▸ MATERIAL SHOWN
▬▬▬
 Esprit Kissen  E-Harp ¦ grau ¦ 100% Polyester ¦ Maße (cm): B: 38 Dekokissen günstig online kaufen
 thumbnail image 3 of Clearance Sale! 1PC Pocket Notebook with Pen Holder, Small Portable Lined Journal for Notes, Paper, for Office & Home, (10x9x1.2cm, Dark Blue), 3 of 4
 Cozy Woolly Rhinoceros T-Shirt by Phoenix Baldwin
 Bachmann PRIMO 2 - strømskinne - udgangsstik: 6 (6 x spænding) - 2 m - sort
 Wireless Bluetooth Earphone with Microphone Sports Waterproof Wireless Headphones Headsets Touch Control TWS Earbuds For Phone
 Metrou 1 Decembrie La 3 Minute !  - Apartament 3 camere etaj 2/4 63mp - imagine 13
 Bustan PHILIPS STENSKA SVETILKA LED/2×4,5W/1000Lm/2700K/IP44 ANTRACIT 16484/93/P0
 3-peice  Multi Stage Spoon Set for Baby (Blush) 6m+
▬▬▬
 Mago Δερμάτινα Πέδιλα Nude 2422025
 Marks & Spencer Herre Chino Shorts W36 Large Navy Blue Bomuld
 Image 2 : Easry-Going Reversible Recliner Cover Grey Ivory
▬▬▬
▸ TASK STATEMENT
Return exactly, and only, the lines above starting at the line that contains "Cozy Woolly Rhinoceros" and ending at the line that contains "Baby (Blush) 6m+".

▸ OUTPUT FOR THIS EXERCISE
 Cozy Woolly Rhinoceros T-Shirt by Phoenix Baldwin
 Bachmann PRIMO 2 - strømskinne - udgangsstik: 6 (6 x spænding) - 2 m - sort
 Wireless Bluetooth Earphone with Microphone Sports Waterproof Wireless Headphones Headsets Touch Control TWS Earbuds For Phone
 Metrou 1 Decembrie La 3 Minute !  - Apartament 3 camere etaj 2/4 63mp - imagine 13
 Bustan PHILIPS STENSKA SVETILKA LED/2×4,5W/1000Lm/2700K/IP44 ANTRACIT 16484/93/P0
 3-peice  Multi Stage Spoon Set for Baby (Blush) 6m+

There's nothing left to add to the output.